Unfortunately, my protégé has adopted my philosophy as her own. Now Brynna Grace Johnston will not stop playing after falling head-first from the ottoman onto a toy train. She will not pause even after 35 unsuccessful attempts to jump from the chair to the coffee table to the sofa. She won’t even admit defeat after cracking her head on the pavement trying to play soccer with the big boys across the street. But let her Daddy be out of town (which has been more often lately than not) and all bets are off. She will milk a sad face until even she laughs at herself. My strong, independent little girl suddenly can’t walk down the stairs without being carried or put her shoes on without help. She must be rocked to sleep and sometimes even then, somehow ends up in our bed. She makes the divas of Real Housewives look like amateurs!

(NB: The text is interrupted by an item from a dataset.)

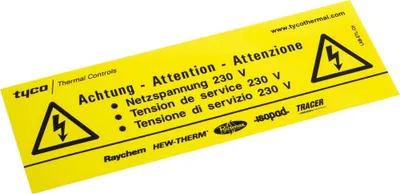 Produktbild von nVent Thermal Kennzeichnungsaufkleber -Elektrisch beheizt- LAB-ETL-DE/FR/IT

Every now and then, there is a perfect storm. Sadly for my wonderful, kind, unsuspecting husband, he finds himself in the midst of chaos. This weekend was one such event. Thursday morning and again in the evening, I walked into the kitchen to find Brynna eating bran out of a bag with a spoon. Yes, I said bran. Straight, plain, granulated BRAN. I had to bribe her with pudding just to remove it, and even then, it required some effort. I was pretty sure it wouldn’t hurt her, but I didn’t want to be present when all that fiber started taking affect. (And since I was the only one home, there was no escaping that inevitability.) All was calm and quiet in the Johnston house until just before midnight Thursday night. At that point, BG woke up severely vomiting, proving the old adage - "too much of a good thing isn't good." It would seem that when you eat that much bran, it doesn’t even act as normal fiber. Your body just wants it out – immediately. I’ll spare you the details but for the next 6 hours, we nodded off, woke up, cleaned up, changed clothes and repeated the cycle. While I have never done so before, it was so bad, I joined her out of sympathy a couple of times. (Or maybe that was smell, not sympathy. Either way, it wasn’t pretty.)

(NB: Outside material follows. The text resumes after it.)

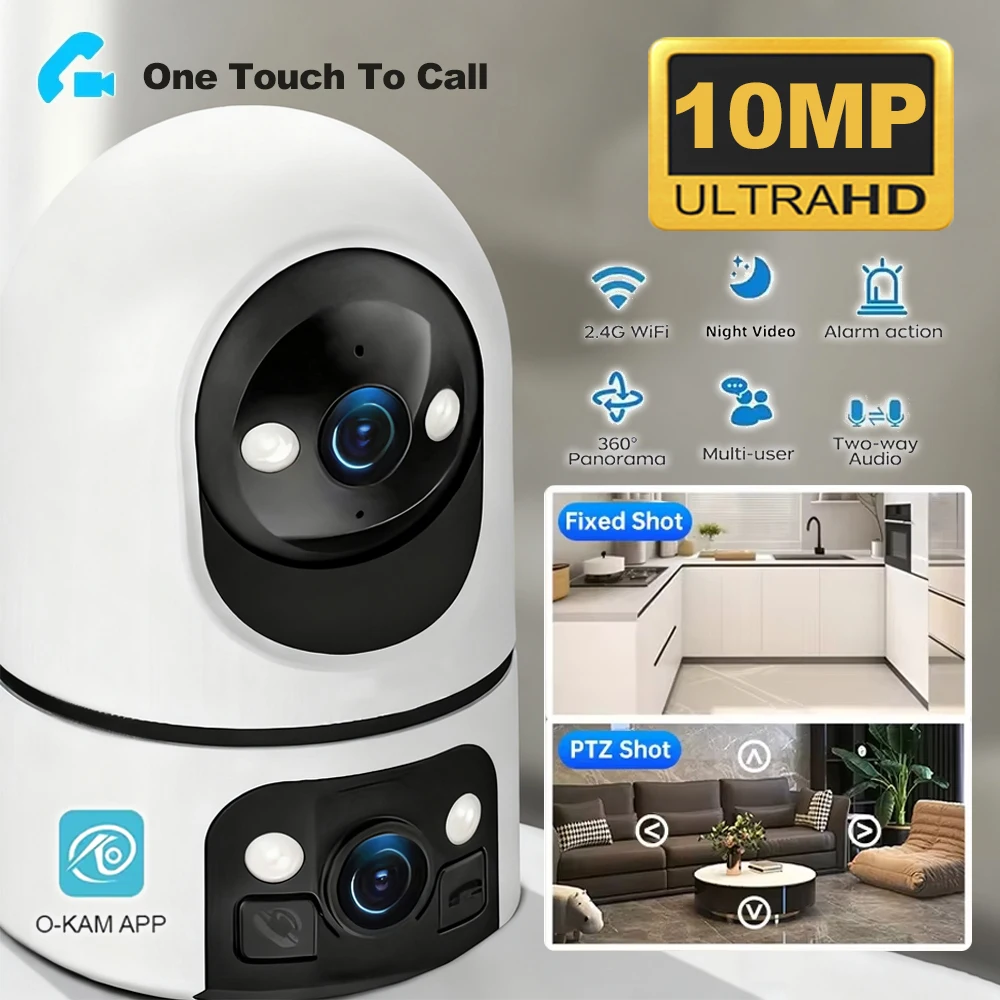 10MP Tuya WiFi Smart Camera per interni 5K UHD Doppio schermo Obiettivo Visione notturna a infrarossi Rilevazione del movimento Traccia automatica Audio bidirezionale Tuya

Poor David came home from his business trip and spent the weekend doting on people. Call me immature, but I milked it. I took him up on his offer to finish the laundry and bed remaking. I let him take us out to dinner and take BG to the park Sunday so I could nap. Unfortunately, not to be outdone, Brynna pulled out all the stops on her “I Missed My Daddy Because I Love Him So Much” show. Audiences in the DC metro area are still discussing her performances at eating and shopping establishments.